Janeiro - Março 2009

Pedro Soares 32ª Exposição Galeria dos Paços do Concelho

O fotógrafo deambula por Lisboa e também nos meandros das suas visões... (...)

O fotógrafo deambula por Lisboa e também nos meandros das suas visões... A Lisboa que vê, a Lisboa que revela, a Lisboa que imana, saturada, saturante. Lisboa à luz do dia, à luz da lua, à luz do flash, à luz das lâmpadas de vapor, à luz dos faróis. Lisboa azul, Lisboa verde, Lisboa vermelha, Lisboa natural e artificial, Lisboa ambígua e redundante a Lisboa de verdade, a preto e branco e às cores. Fotografar é então um ato solitário, subjetivo, introvertido. A máquina obedece ao comando de um cérebro que sonha com miragens. Nada é mais subjetivo que uma fotografia.

Pedro Soares, 1997

 

 

 

A fotografia começou por levar muito tempo a fazer-se: era a “pose” aas coisas, (árvores, casas, pessoas), esperando que o processo da luz as revelasse em imagem. Depois, esse mesmo processo foi sendo cada vez mais rápido, até ao instantâneo absoluto ou quase — para que já amanhã possa haver-se, tecnologicamente, e concerteza, alguma imagem “ante guam”... No sentido contrário, em fotogramas continuados, o tempo definiu tecnicamente um espaço animado por recomposição do espectador, que seria kinematográfico — e os nus de Duchamp desceram para sempre escadas desintegradas...

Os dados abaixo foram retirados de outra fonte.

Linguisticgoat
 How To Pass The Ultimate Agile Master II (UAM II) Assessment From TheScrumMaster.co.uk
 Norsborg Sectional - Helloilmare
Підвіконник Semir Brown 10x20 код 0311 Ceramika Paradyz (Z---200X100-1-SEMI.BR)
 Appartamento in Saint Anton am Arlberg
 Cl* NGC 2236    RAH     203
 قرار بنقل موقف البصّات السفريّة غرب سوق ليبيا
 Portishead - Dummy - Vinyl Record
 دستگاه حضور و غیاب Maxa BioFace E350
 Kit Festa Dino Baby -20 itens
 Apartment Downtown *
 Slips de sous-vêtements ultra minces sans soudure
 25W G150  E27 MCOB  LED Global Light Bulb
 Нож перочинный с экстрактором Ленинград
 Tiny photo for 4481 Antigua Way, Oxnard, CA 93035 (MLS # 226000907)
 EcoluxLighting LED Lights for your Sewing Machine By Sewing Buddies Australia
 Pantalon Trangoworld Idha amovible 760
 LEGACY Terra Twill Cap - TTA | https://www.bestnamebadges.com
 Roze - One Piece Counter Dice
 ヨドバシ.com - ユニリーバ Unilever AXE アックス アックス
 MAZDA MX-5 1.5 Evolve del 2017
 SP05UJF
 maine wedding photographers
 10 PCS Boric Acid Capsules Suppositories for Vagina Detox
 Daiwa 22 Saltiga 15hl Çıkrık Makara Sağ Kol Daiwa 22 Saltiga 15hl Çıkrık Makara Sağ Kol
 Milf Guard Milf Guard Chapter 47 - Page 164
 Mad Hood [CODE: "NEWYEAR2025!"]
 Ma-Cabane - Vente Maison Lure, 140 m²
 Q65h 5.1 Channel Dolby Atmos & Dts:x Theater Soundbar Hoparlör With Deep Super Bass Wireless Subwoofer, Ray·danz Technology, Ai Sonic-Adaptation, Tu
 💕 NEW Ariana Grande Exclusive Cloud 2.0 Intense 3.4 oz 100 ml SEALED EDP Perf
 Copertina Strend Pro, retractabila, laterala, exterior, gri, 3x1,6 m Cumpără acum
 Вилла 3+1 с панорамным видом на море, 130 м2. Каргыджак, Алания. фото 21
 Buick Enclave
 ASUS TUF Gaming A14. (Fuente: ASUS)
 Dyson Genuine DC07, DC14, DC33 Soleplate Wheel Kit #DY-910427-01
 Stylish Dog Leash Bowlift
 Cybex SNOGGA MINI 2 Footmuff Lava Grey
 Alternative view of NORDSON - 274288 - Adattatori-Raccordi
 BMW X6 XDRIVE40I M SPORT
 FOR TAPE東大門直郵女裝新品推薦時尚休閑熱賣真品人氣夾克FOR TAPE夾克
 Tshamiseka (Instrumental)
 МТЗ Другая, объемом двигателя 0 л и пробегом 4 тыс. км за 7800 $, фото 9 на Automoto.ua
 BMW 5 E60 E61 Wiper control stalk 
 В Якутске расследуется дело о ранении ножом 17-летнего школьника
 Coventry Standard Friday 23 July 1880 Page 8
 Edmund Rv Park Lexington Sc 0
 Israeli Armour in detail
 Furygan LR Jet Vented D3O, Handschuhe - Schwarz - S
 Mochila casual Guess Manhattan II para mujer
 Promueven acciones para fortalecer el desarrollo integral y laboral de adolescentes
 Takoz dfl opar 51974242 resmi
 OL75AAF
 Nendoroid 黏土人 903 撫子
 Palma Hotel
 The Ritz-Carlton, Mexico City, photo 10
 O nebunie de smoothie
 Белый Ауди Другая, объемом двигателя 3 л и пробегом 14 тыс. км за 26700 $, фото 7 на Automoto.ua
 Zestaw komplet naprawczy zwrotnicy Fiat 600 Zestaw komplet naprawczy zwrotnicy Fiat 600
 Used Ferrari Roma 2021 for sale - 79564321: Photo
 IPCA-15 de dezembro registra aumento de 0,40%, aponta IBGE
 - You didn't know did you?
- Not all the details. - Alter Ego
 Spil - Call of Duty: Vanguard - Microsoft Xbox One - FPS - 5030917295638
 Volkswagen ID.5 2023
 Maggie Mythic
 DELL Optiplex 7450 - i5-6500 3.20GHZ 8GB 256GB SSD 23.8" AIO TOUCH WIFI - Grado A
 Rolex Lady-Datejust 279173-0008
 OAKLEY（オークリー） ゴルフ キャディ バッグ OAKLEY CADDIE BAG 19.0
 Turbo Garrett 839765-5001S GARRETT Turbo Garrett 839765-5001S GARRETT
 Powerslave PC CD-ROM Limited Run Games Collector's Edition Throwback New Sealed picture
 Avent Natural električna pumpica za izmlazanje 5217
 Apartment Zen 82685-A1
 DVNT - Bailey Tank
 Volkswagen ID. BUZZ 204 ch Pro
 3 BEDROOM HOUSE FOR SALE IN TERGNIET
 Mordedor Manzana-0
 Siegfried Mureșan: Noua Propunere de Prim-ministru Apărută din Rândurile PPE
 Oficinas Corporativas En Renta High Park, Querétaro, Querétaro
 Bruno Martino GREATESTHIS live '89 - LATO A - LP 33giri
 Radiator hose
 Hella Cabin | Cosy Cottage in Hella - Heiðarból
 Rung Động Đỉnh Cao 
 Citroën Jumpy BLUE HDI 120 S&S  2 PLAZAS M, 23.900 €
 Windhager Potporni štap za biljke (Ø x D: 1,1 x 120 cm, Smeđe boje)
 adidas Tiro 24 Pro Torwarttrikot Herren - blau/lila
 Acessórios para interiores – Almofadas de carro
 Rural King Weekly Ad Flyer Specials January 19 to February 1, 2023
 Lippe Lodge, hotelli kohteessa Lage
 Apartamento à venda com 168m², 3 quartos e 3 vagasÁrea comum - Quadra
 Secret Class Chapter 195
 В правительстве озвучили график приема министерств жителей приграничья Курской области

Mas outro contrário há, inexplorado ainda e riquíssimo de presunções, pelo lado do tempo que caminha sobre o espaço absolutamente imóvel cuja identidade assim se comprova. “Pose”, não para dar tempo às leis primeiras da física, mas para apreender outras, de técnicas requintadas do mesmo princípio de esperar. Aqui, a espera é de um tempo que vai passando e, sobrepondo-se, se altera em luz e, por isso, em cor. As coisas enquadradas não são mais do que são mas aquilo que em luz se modificam — a eternidade que em si mesmo se muda…

Lisboa expecta-se assim num novo sistema de imagens que, idênticas, se colam umas às outras como peles sucessivas do tempo.

Por debaixo daquela casa ou daquele céu representados, estão outros iguais, só que de outra cor, por outra luz terem recebido, e outros e outros ainda, até ao seu cerne, esse irreal, por fora do âmbito do tempo.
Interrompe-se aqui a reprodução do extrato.